Tuesday, March 6, 2012

Is It Love....Or Addiction?

There's no denying that I miss him. The same guy that hurt me so badly just a little over a week ago is the one that I'm craving, the one that I wish would wrap his arms around me and make it all better. For the last 10 months, he has been my "home." His face, his voice, his touch, his smell....I instinctively turned to him for comfort and affection. We used to snuggle up together on the couch and I would stroke his hair and sigh and say to him, "All is right with my world."

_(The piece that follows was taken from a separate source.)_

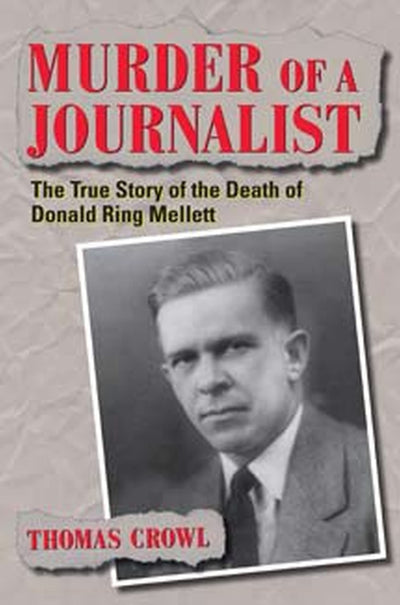 Murder of a Journalist: The True Story of the Death of Donald Ring Mellett (True Crime History)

I thought that what I was feeling was love. You would think that after almost 49 years on this planet, and several long-term relationships, I would know what love feels like. But no, I'm pretty sure I'm still clueless on this topic. I just read a book called How to Break Your Addiction to a Person by Howard Halpern, PhD, and in it he describes something called "limerence." Limerence is actually what we're feeling when we feel like we're "in love." When you think about him all the time, when you can't get enough of him, when you get scared at the thought of losing him...that's not love, that's limerence. For whatever reason--maybe it's chemical, maybe it's karma, maybe he satisfies some deep longing from your childhood--you are inexplicably attracted to him. You were probably attracted from the moment you set eyes on him. You hang all your happiness onto this one person. You believe (irrationally) that only this one person is ever going to make you feel this way, that you're never going to find anyone like this one person ever again.

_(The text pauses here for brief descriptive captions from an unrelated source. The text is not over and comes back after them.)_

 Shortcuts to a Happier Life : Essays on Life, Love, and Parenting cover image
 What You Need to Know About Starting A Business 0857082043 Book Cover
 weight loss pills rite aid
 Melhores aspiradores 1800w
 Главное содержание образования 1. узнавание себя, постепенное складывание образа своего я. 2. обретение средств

And so when suddenly he's gone--even though it was your own choice--you suffer major withdrawal, as surely as an addict going through the DTs. The first day without him, I had an anxiety attack. My heart was racing, I was panicking, I felt like I couldn't breathe. What had I done?? I vacillated wildly between rage and depression and just wanting his arms around me. I tried to numb myself with too much alcohol and food, and keep myself busy busy busy so I wouldn't think about him. I gradually realized that it wasn't him, per se, that I was missing so badly. It was the way he made me feel.


That's not love. That's addiction. I was able to overlook some pretty serious red flags, throughout the entire course of our relationship, because I just didn't want to lose that feeling

It doesn't help that he's actively trying to win me back. He's coming at me with both barrels, texting me from other people's phones, leaving notes declaring his undying love on my front door day and night. But I'm willing to bet that what he's feeling isn't love either.

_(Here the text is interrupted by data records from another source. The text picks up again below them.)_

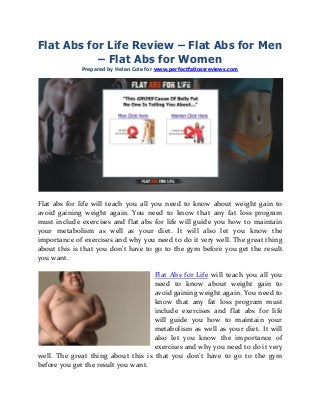Flat Abs for Life Review – Flat Abs for Men
– Flat Abs for Women
Prepared by Helen Cole for www.perfectfatlossreviews.com
Flat abs for life will teach you all you need to know about weight gain to
avoid gaining weight again. You need to know that any fat loss program
must include exercises and flat abs for life will guide you how to maintain
your metabolism as well as your diet. It will also let you know the
importance of exercises and why you need to do it very well. The great thing
about this is that you don’t have to go to the gym before you get the result
you want.
Flat Abs for Life will teach you all you
need to know about weight gain to
avoid gaining weight again. You need to
know that any fat loss program must
include exercises and flat abs for life
will guide you how to maintain your
metabolism as well as your diet. It will
also let you know the importance of
exercises and why you need to do it very
well. The great thing about this is that you don’t have to go to the gym
before you get the result you want.
 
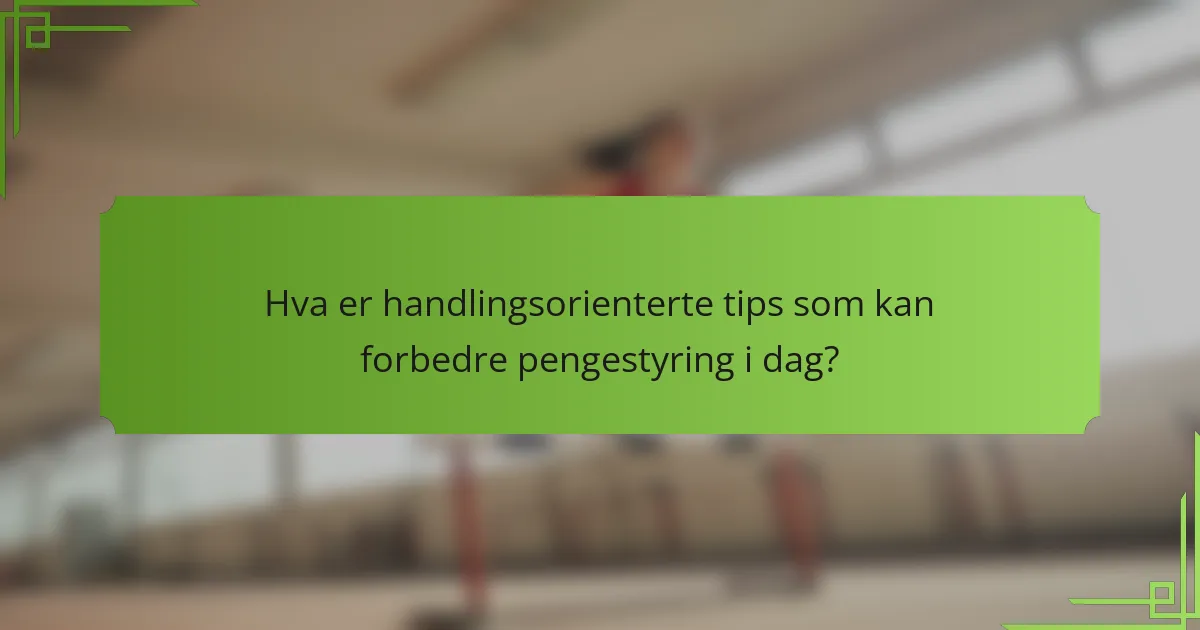 Hva er handlingsorienterte tips som kan forbedre pengestyring i dag?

Even now, I'm not sure I trust my ability to discern limerence from the real thing. But I'm pretty sure that real love is what I was feeling for my husband Ely in the month before he died. We had been together for 15 years, and not all of them were happy. We came very close to separating in 2008, and there was an entire year that we barely spoke or touched each other. But that last October was a good one. We were enjoying each other's company, we were recapturing our friendship and I was feeling like we were going to make it after all.

On his very last day, I hung his Steelers sign up over the TV. Now, I hated that thing. I didn't like football memorabilia in my living room. But I hung it up because I knew it would make him happy. After all we'd been through together, all the years, and the fights, and the doubts, and the stresses of raising kids and running a household together, I had still somehow ended up at a place where I wanted to put a smile on his face.

He walked in and saw it and smiled. He kissed me and said, "Aw, you do love me!"

He was right.

2 comments:

  1. Limerence...I'll have to check that out. I never realized this aspect of me has a name...I have only recently, vaguely, made the association between these feelings of "love" and my addictive nature. Very enlightening. Thank you!

    ReplyDelete
  2. He says it's possible to have limerence in a real love relationship, and also possible to have a real love relationship without ever feeling it at all. The test of addiction is whether you find yourself staying in a relationship that you know is not good for you because you're "in love." In any case, it rarely lasts more than a few years anyway, and then people think they "fell out of love." But that's not true at all! That's when the real work of building a true love relationship begins, and it's usually based on things like mutual respect, shared values, honesty and friendship.

    At least that's what the book says. I'm the last person in the world who should be pontificating about relationships, lol.